## TRY IT
Repeat exactly, and only, the lines from the one containing "Black and White" through the last line of the data below.
━━━
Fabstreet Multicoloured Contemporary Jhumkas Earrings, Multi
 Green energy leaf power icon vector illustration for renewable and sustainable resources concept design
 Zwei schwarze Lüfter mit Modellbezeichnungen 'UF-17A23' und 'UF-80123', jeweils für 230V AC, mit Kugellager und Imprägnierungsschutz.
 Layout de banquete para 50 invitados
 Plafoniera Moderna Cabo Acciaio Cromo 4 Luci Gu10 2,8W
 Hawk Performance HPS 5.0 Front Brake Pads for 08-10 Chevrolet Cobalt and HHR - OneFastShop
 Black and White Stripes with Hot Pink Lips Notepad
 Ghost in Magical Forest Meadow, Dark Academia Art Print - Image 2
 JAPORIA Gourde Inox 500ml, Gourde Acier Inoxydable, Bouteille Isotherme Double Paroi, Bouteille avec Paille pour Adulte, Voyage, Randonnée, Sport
━━━
## RESPONSE AREA
 Black and White Stripes with Hot Pink Lips Notepad
 Ghost in Magical Forest Meadow, Dark Academia Art Print - Image 2
 JAPORIA Gourde Inox 500ml, Gourde Acier Inoxydable, Bouteille Isotherme Double Paroi, Bouteille avec Paille pour Adulte, Voyage, Randonnée, Sport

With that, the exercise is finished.